Yer actual Bill Bailey tells – and joyfully re-enacts – the story of Alfred Russel Wallace, the 'geeky Victorian collector' whom Bill paints as the greatest naturalist of his era in Bill Bailey's Jungle Hero - 8:00 BBC2. Wallace's role in working out how species evolved has been overshadowed by Darwin: each independently came up with the theory of evolution, but Wallace's tireless efforts, collecting tens of thousands of specimens in the islands of what is now Indonesia, have been somewhat sidelined by history. Bill wants him back in the pantheon, so he retraces Wallace’s steps and has fun catching frogs, meeting monkeys and eating toasted dragonflies. You can tell Bill is in his element in this environment, crashing through jungles, wading in rivers, pinning butterflies to boards, and he makes it a delightful programme to watch – with a payload of fascinating history on a neglected hero.

Young Detective Constable Morse meets his intellectual match when a serial killer haunts the streets of Oxford keeping himself one step ahead of the long arm of the law and leaving cryptic messages to goad the rozzers about their flat-footedness in the latest episode of Endeavour - 8:00 ITV. Did they have serial killers in the 1960s? Well, yes, they did, but did they call them that? Anyway, at first glance, all this shenanigans seems to be the work of a totally deranged lunatic, but the elaborate staging of the crimes suggests method in the obvious madness - and a macabre sharing of the rookie sleuth's developing passion for opera. If Shaun Evans ever gets tired of playing the young Morse, the franchise could happily branch out into The Inspector Fred Thursday Mysteries. As Morse’s world-weary boss, Roger Allam is genuinely terrific, forever in danger of completely stealing the show away from its nominal star. The double act develops nicely in this episode, with Thursday equally good as a benign father figure or as a despairing boss.

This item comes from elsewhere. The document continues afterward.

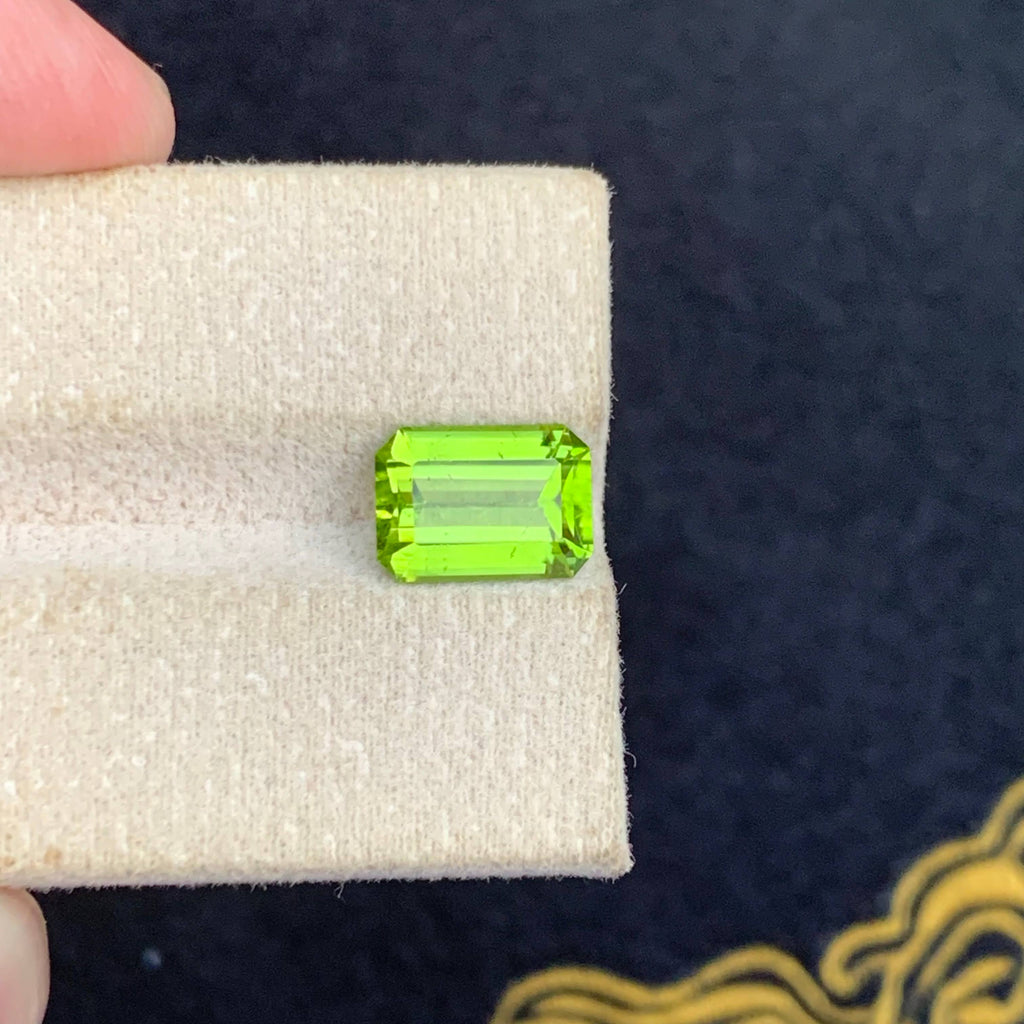 3.25 Carat Natural Loose Green Color Peridot Emerald Cut Pakistan Gemstone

As Morse offers another insight into the criminal mind, Thursday drawls at him: 'You'd find something suspicious in a saint's sock drawer.' Their challenge is a case right up Morse's alley – musical, cryptic and gruesome. It leads the viewer step-by-step from a woman strangled in a train yard through various operatic twists. It never goes too far, but entices us with a trail of bread crumbs through a mystery that gets better and better as it goes on, testing Morse's character as well as his intellect. And there are haunting snatches of music along the way. Anton Lesser, Sean Rigby and James Bradshaw also feature.

Monday 22 April
After eight weeks of speculation, the Broadchurch village community struggles to come to terms with the truth about the events surrounding Danny Latimer's death, and the revelations threaten to prevent the dead boy from being allowed to rest in peace - 9:00 ITV. A nation of television crime fiction fans - this blogger not least amongst them - who have combed Chris Chibnall's Broadchurch for clues, red herrings and tell-tale signs will be in delicious torment because this is the last episode, when the identity of Danny's killer will, finally, be revealed. Starring, one last time, David Tennant, Olivia Colman, Andrew Buchan, Jodie Whittaker, Arthur Darvill, Vicky McClure and Pauline Quirke. Place your bets now.
Jane Corbin goes undercover to investigate the practices of the nation's Islamic religious courts in tonight's Panorama - 8:30 BBC1 - postponed from last week due to extended coverage of the death of Baroness Thatcher. With some women claiming that they have suffered domestic violence which has been ignored by these councils, the programme asks whether it is time to tackle a parallel legal system that can run counter to British law. Or, you know, not.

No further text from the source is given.